Die Kochs halten an den Prinzipien der Ökobewegung der siebziger Jahre fest,
als mehrheitlich nicht nur eine ökologische, sondern auch eine soziale
Lebensmittelproduktion angestrebt wurde. Doch solcherlei Produzentenromantik
wird in Zeiten des Bio-Booms ins Abseits gedrängt. Verantwortlich dafür ist
auch die Expansion der Biosupermarktketten.

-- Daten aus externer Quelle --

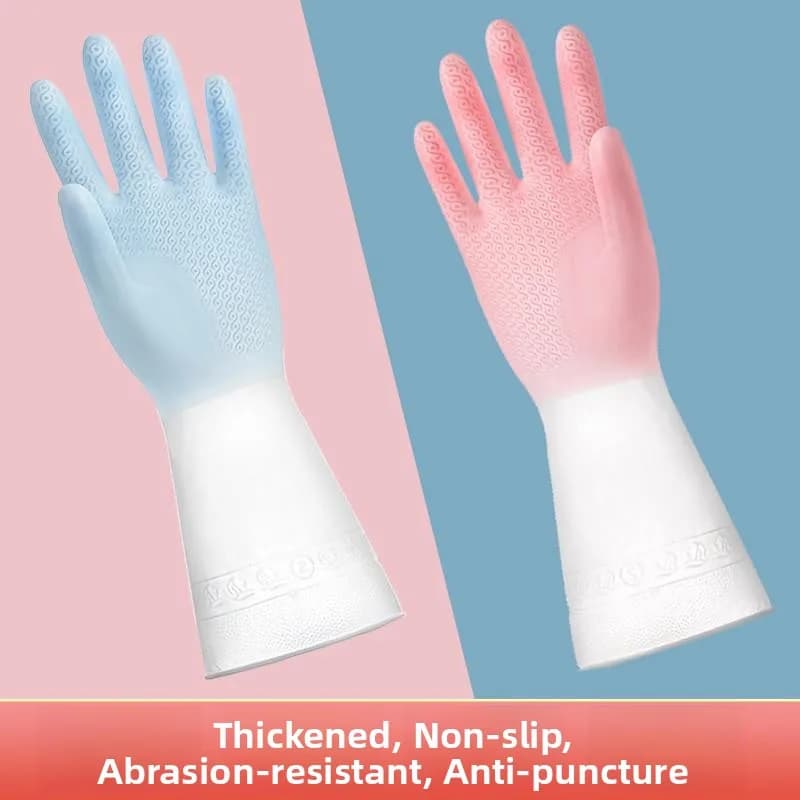 Guanti in lattice resistenti con rivestimento in pile per lavare e fare il bucato, strumenti impermeabili per la pulizia della casa, guanti da lavoro da cucina per donna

Diese haben einen immer größeren Anteil am Wachstum des Biomarktes in
Deutschland, dessen Anteil am gesamten Lebensmittelmarkt in Deutschland 2012
bei 3,9 Prozent lag. Wie die Agrarmarkt Informations-Gesellschaft
herausgefunden hat, liegt der Hauptanteil des Gesamtumsatzes mit Bioprodukten
zwar noch beim konventionellen Lebensmitteleinzelhandel, über den in den
vergangenen zehn Jahren der Weg der Bioprodukte zum Massenkonsum führte. Von
sieben Milliarden Euro Gesamtumsatz entfallen auf ihn 3,53 Milliarden Euro,
also gut 50 Prozent. Der Naturkostfachhandel, zu dem Bioläden und
Biosupermärkte gezählt werden, konnte in der letzten Zeit allerdings verlorenes
Terrain zurückgewinnen. Auf ihn entfallen nun 2,21 Milliarden Euro
beziehungsweise 31 Prozent.
Verantwortlich für diese Entwicklung sind vor allem die Biosupermärkte. Hier
kaufen inzwischen 40 Prozent der Kunden Biolebensmittel ein, wie eine kürzlich
veröffentlichte Studie feststellte, die vom Bundesverbraucherministerium in
Auftrag gegeben wurde. Im Jahr zuvor waren es noch 36 Prozent. Die kleineren
Bioläden geraten dabei, ebenso wie auch die Biolandwirtschaft, unter
zunehmenden Preisdruck.
Die Biosupermärkte sind in der Lage, ein breites Sortiment verhältnismäßig
kostengünstig anzubieten. Doch durch die mittlerweile etablierte
Massenproduktion nähern sich die Produktionsbedingungen in der Biobranche immer
mehr denen der konventionellen Lebensmittelindustrie an. So berichtete Spiegel
Online vorige Woche über alarmierende Zustände in norddeutschen Ställen, in
denen massenhaft Puten für den Bioverband Naturland gezüchtet werden. Fotos
zeigen die Tiere in einem erbärmlichen Zustand. Diese Bilder würden sich schon
auf dem konventionellen Markt für Lebensmittel kaum verkaufsfördernd auswirken.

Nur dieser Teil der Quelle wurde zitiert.